Task item
The lines below from the one with "Used 2022 Ford" up to and including the one with "Girls Shoes Toddler" are what you should set down, exactly and without pictures.

Data shown

== Segment start ==

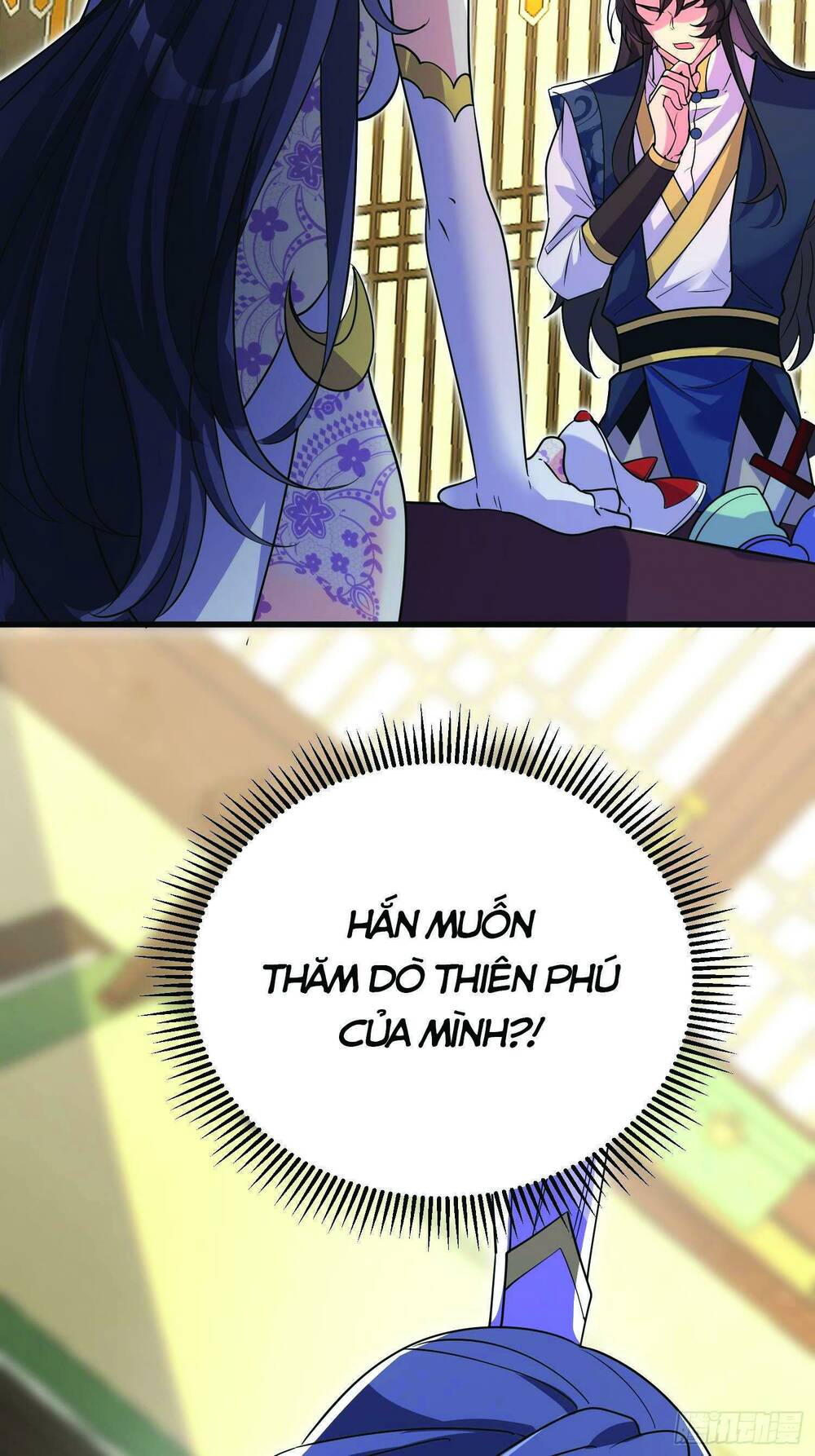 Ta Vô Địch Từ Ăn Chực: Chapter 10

== Segment end ==
== Segment start ==

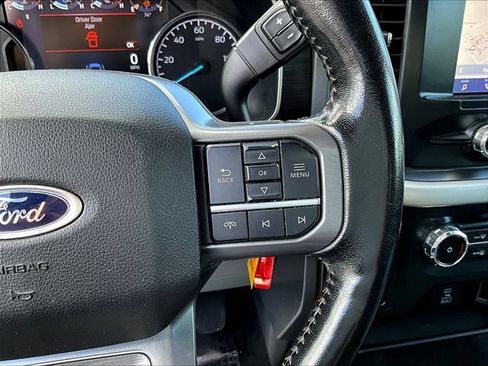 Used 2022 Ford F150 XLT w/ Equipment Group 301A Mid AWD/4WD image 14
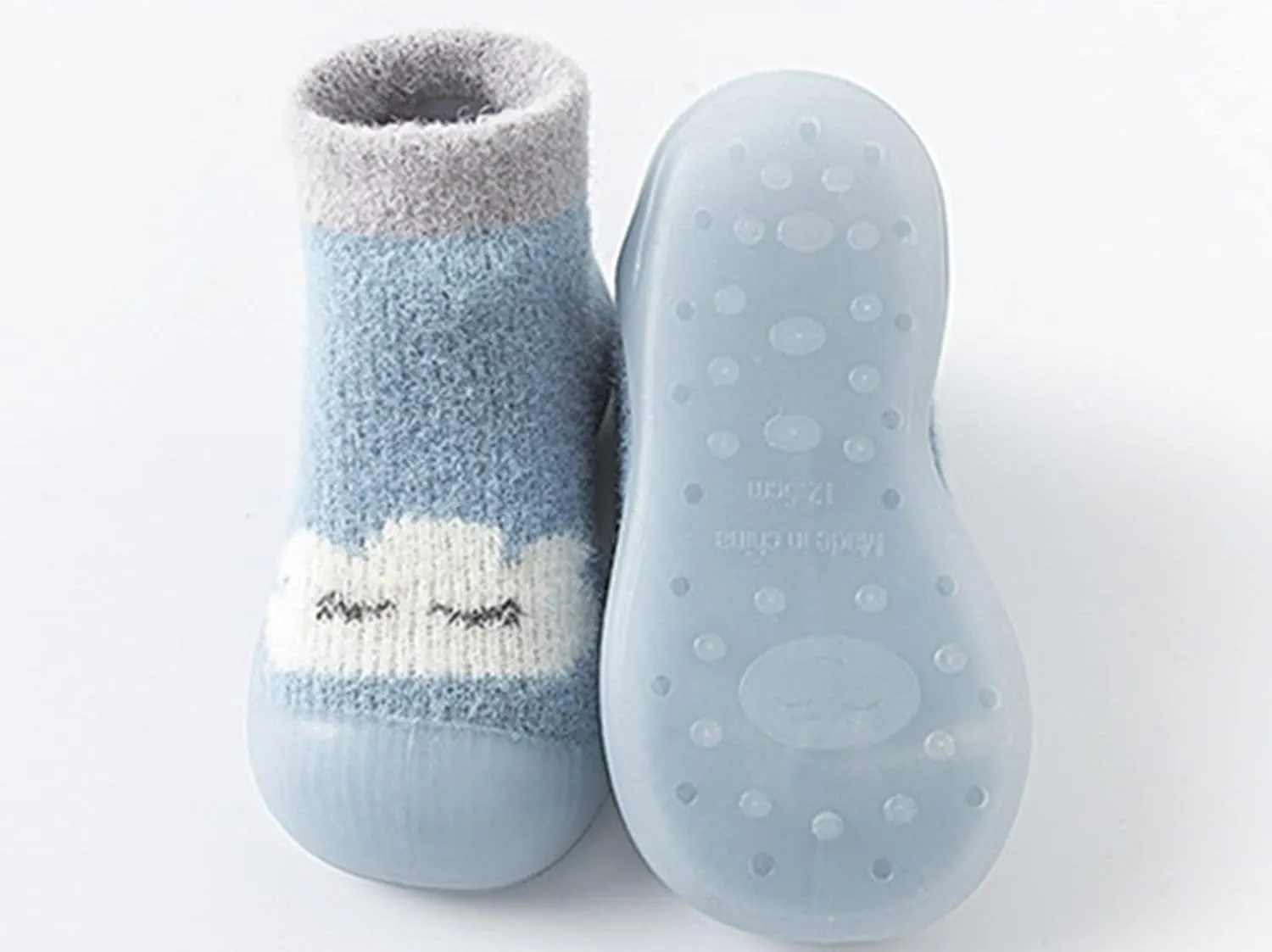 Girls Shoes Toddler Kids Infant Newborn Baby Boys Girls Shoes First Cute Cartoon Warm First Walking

== Segment end ==

Result below
 Used 2022 Ford F150 XLT w/ Equipment Group 301A Mid AWD/4WD image 14
 Girls Shoes Toddler Kids Infant Newborn Baby Boys Girls Shoes First Cute Cartoon Warm First Walking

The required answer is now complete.